26

Ao acordarem, Reacher voltou para o quarto dele, tomou duche e vestiu-se novamente. Desceu as escadas para comer o pequeno-almoço, sozinho. Os quatro tipos vindos de Landry já lá estavam na sala, depois do voo noturno. Waterman, White, Landry e Vanderbilt. Neagley estava com eles. Os homens tinham um ar cansado. Ela, não. Landry explicou que tinha conseguido chegar aos tios-avós. Mas as novidades não eram boas. A maioria já morrera há muito e nenhum tinha vivido perto do miúdo enquanto este crescia. Não havia provas de contactos. Nem sequer circunstanciais. Não era gente necessariamente dada a visitas. Dois tinham estado na prisão. Era pouco provável que algum tivesse exercido grande influência.

Mas Waterman trazia melhores notícias. Informou que tinham localizado a mãe de Wiley, que acedera a prestar declarações a propósito dos antigos namorados. Estava a viver em Nova Orleães, às custas da Segurança Social. A delegação local tinha sido avisada. Iriam ser enviados agentes. Estavam a contar com resultados iniciais dali a sete ou oito horas. Por causa dos fusos horários.

White não parecia lá muito contente por estar ali. O tipo da CIA. Dava a ideia de ter o cabelo ainda mais comprido. Estava com um ar mais magro. Cheio de tiques e a contorcer-se. E a apertar as mãos enquanto fitava o espaço.

— O que foi? — perguntou Reacher.

— Eles precisam mesmo de tirar de lá o iraniano — respondeu White.

— Nada disto veio através do mensageiro. Passámos ao lado dela completamente.

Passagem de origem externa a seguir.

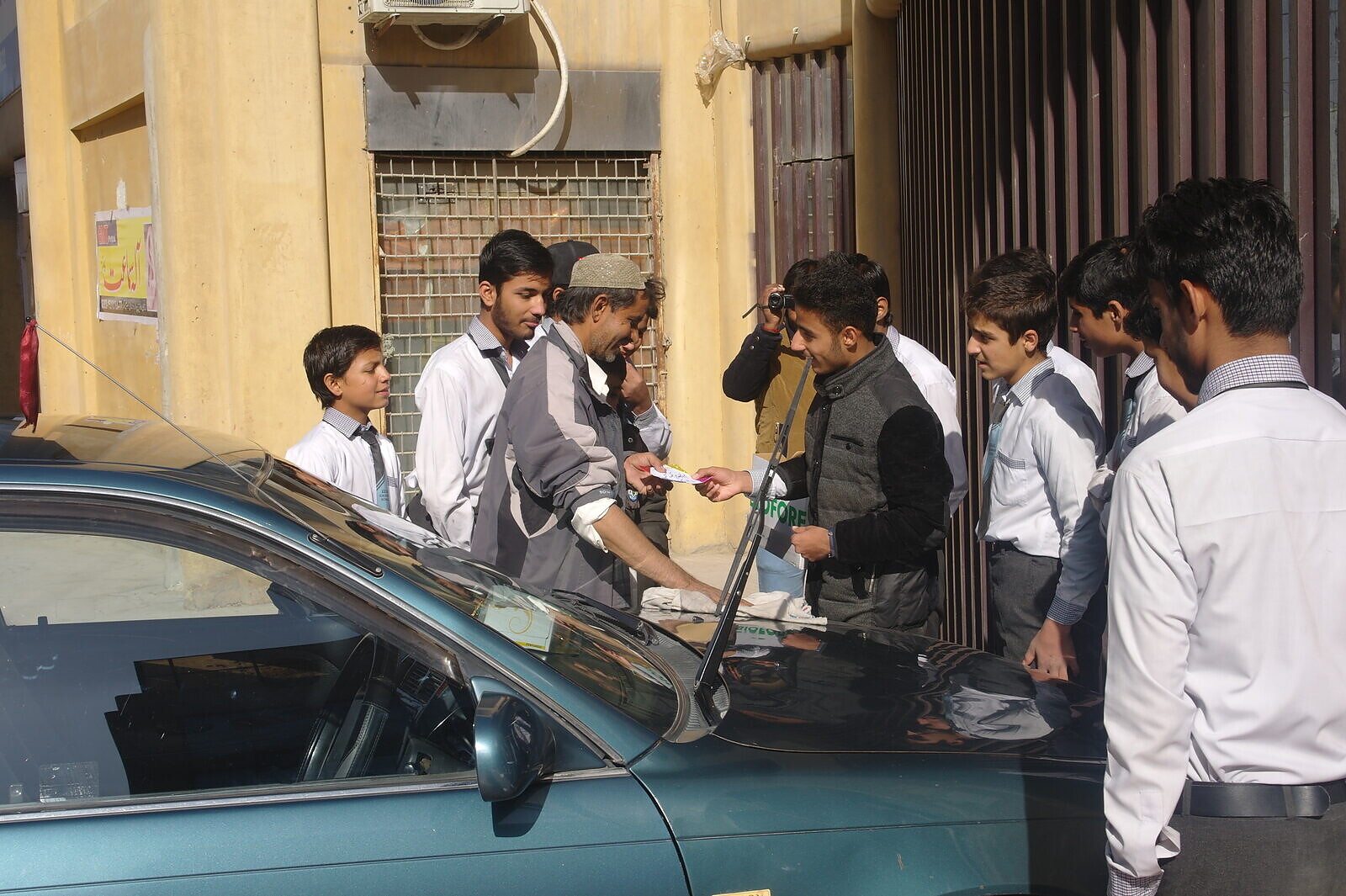 Community members interact on a city street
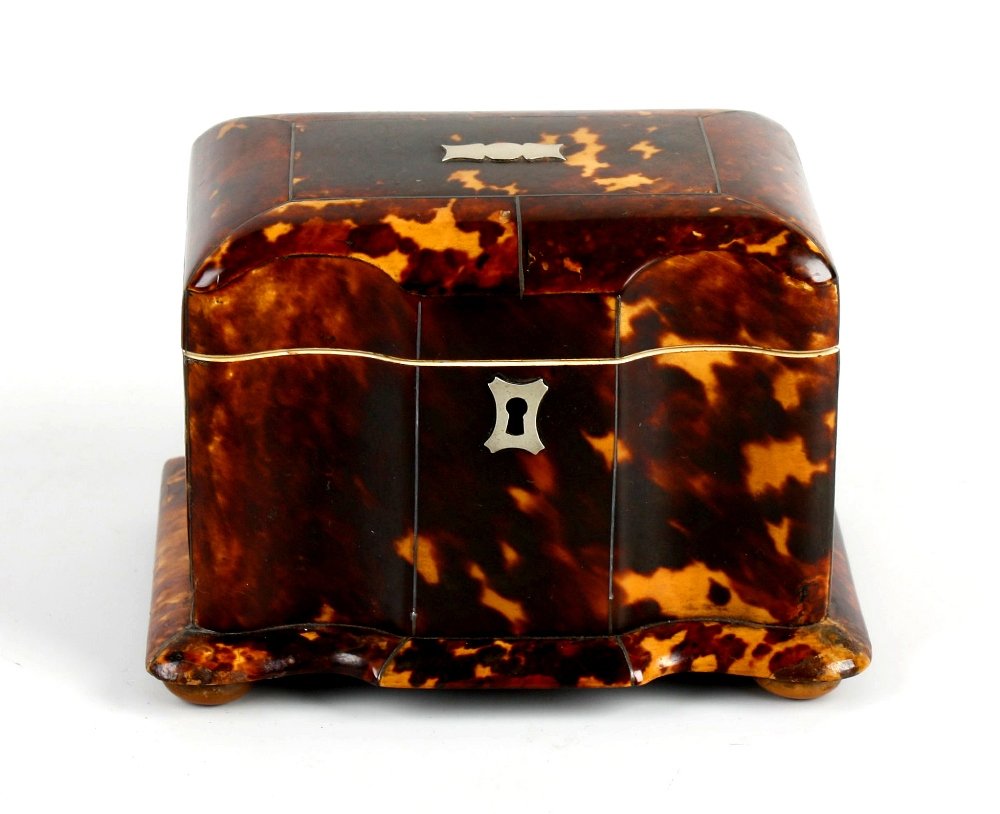 A 19th century tortoiseshell tea caddy: A 19th century tortoiseshell tea caddy, the whole of serpentine fronted design with metal inlaid line decoration, the hinged cover opening to reveal two lidded tea storage compartments, supported on f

— O Ratcliffe é de vistas estreitas. Se lhes acontecer alguma coisa má na cidade de Hamburgo, a investigação deles vai estender-se ao máximo. Toda a gente vai passar a ser suspeita. Não são parvos. Vão deduzir os factos. Quantas variáveis há? Dois mensageiros, mas só uma casa. O iraniano vai durar menos de cinco minutos.

— Devias falar com o Bishop.

— O Bishop controla o puto, mas não tem autoridade para o sacar de lá.

— Tem de ter.

— Por motivos gerais, não. Só por razões de perigo iminente.

— Que achas que está a acontecer agora.

— Vai começar mal apanhes o Wiley. Mal o negócio deles caia por terra. E isso vai ser quando?

— Daqui a nada, espero.

— Exato.

— Devias falar com o Bishop — repetiu Reacher.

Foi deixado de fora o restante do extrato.